WORK ITEM
Using the entries that follow, transcribe only the lines from the line with "Model X 100D Dual Navi*Leder*LED*6-Sitzer" to the line with "Mamalicious® Umstands- und", both included, exactly as they stand and without pictures.

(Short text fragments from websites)
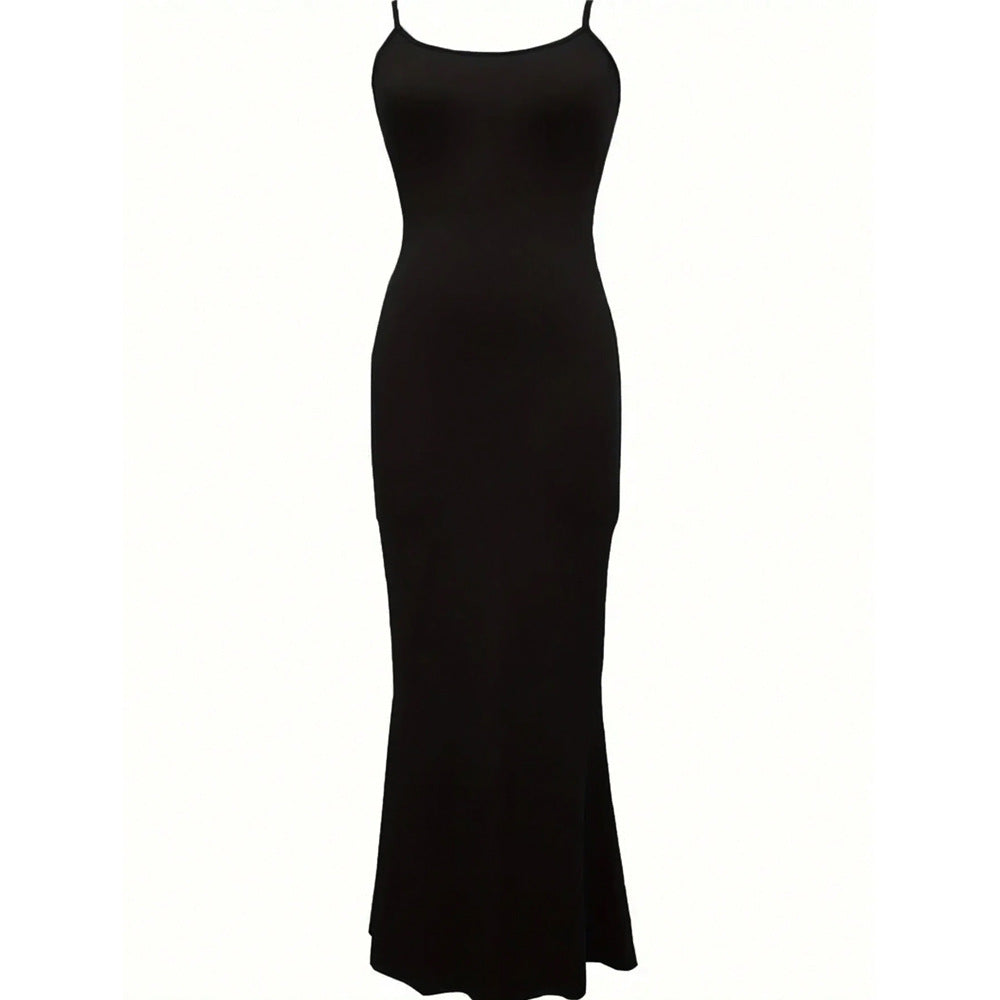 Robe maxi élégante pour femme avec des fines bretelles spaghetti et une coupe fluide Levoire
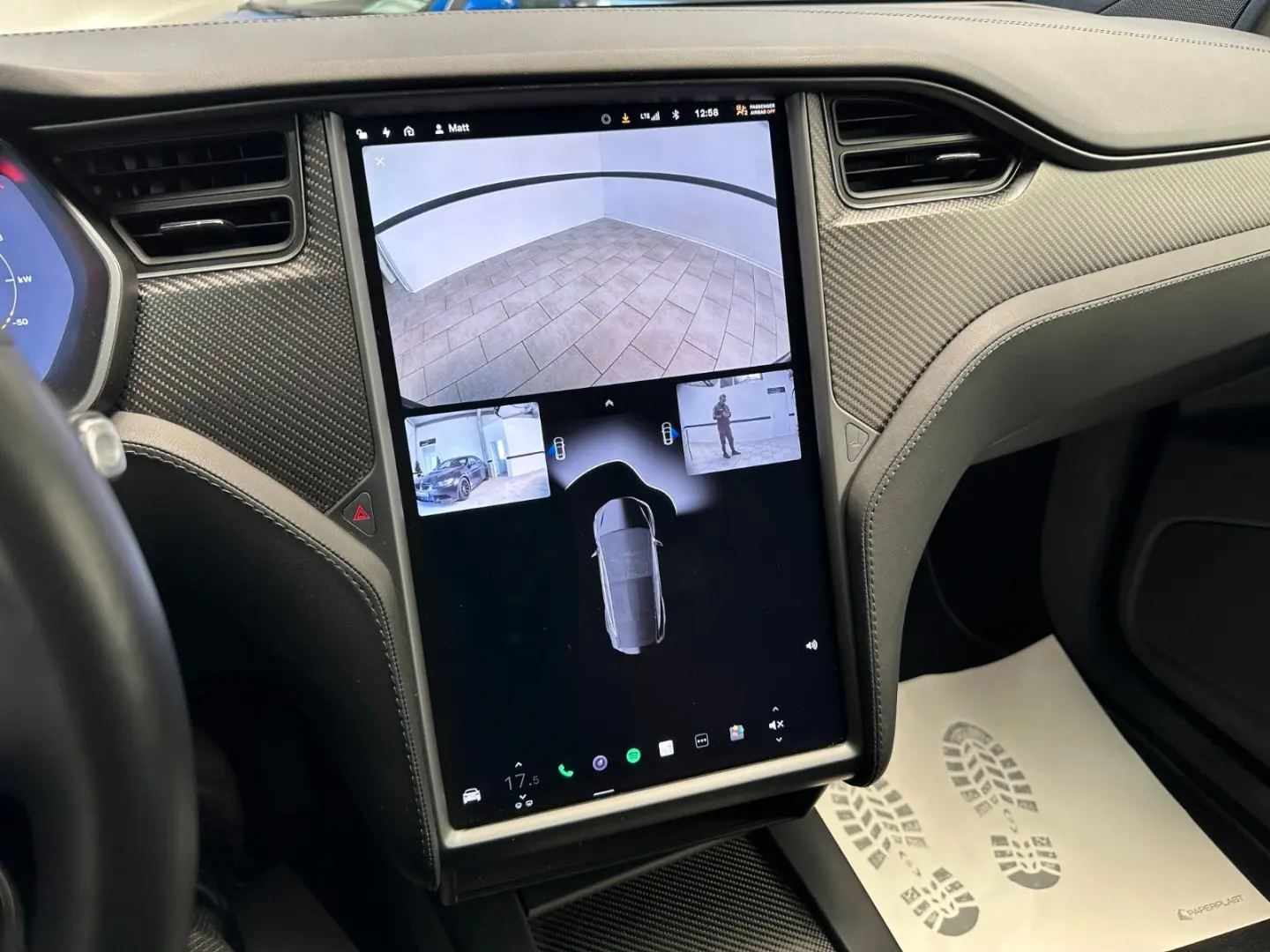 Model X 100D Dual Navi*Leder*LED*6-Sitzer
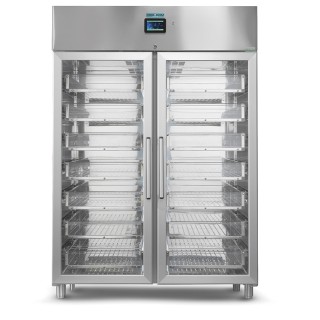 ARMOIRE MEDICAL REFRIGEREE, 2 PORTES VITREES, 1310 L HGN1400TNV MEDDOM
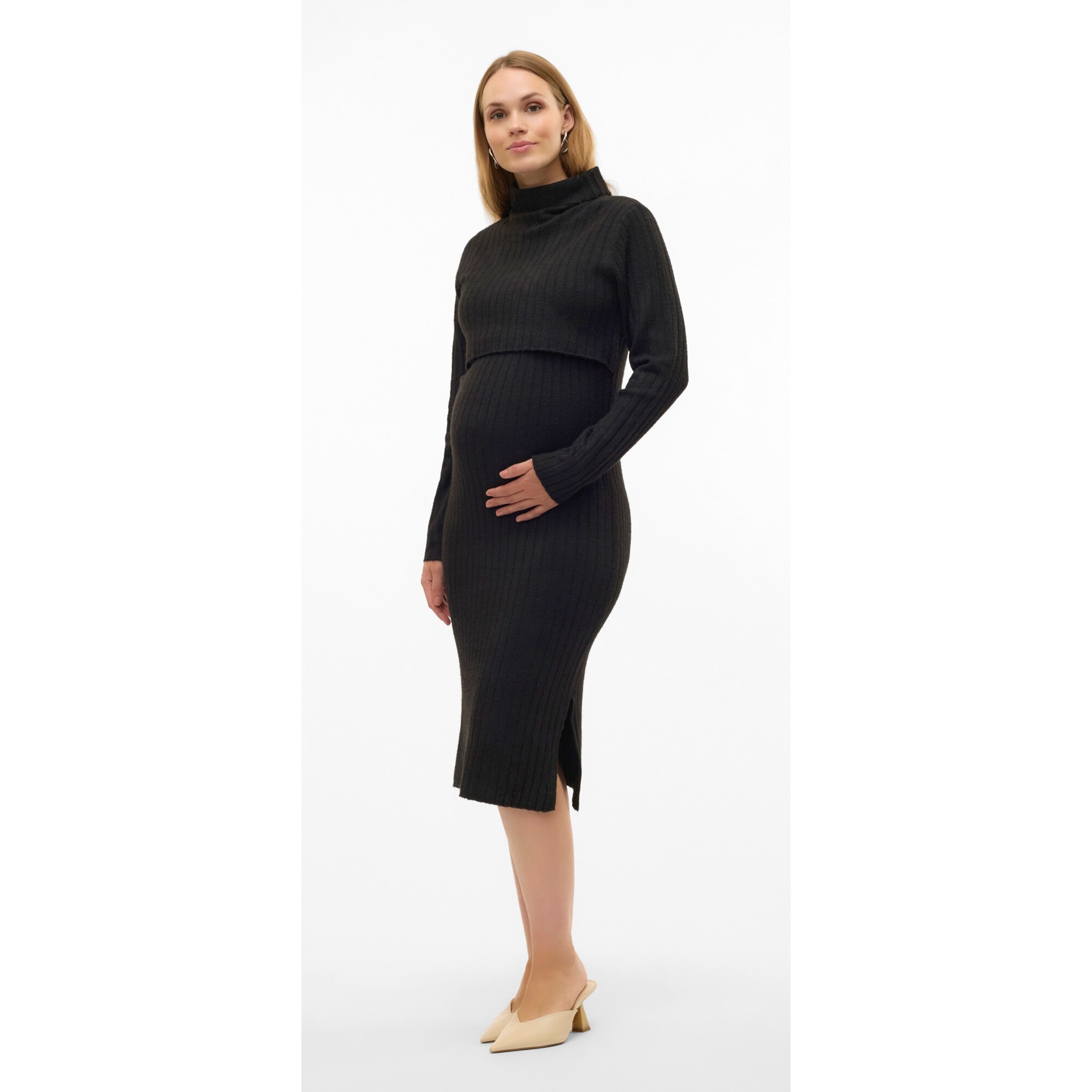 Mamalicious® Umstands- und Still-Kleid Rippqualität June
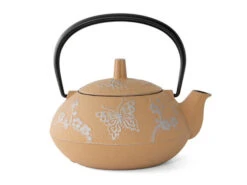 Teekanne Gusseisen CHOCHO, Beige, 0,6 L -Geschäft Für Heimgeschirr teekanne gusseisen chocho beige 0 6 l 1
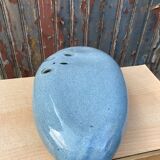 Pique glass flowers, hick double glass paste in the shape of a pebble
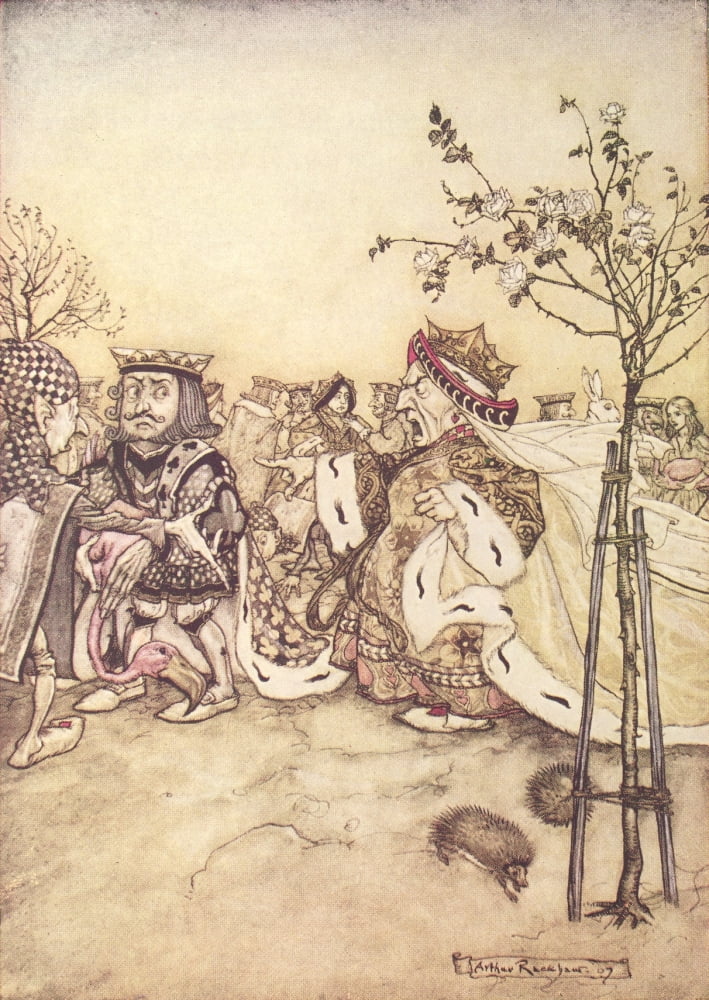 Alices Adventures in Wland 1907 Knave of Spades Canvas Art - A Rackham (24 x 36)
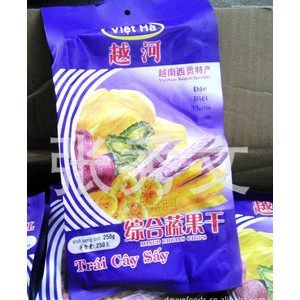 越南特产 越河综合蔬果干250g图2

ANSWER AREA
 Model X 100D Dual Navi*Leder*LED*6-Sitzer
 ARMOIRE MEDICAL REFRIGEREE, 2 PORTES VITREES, 1310 L HGN1400TNV MEDDOM
 Mamalicious® Umstands- und Still-Kleid Rippqualität June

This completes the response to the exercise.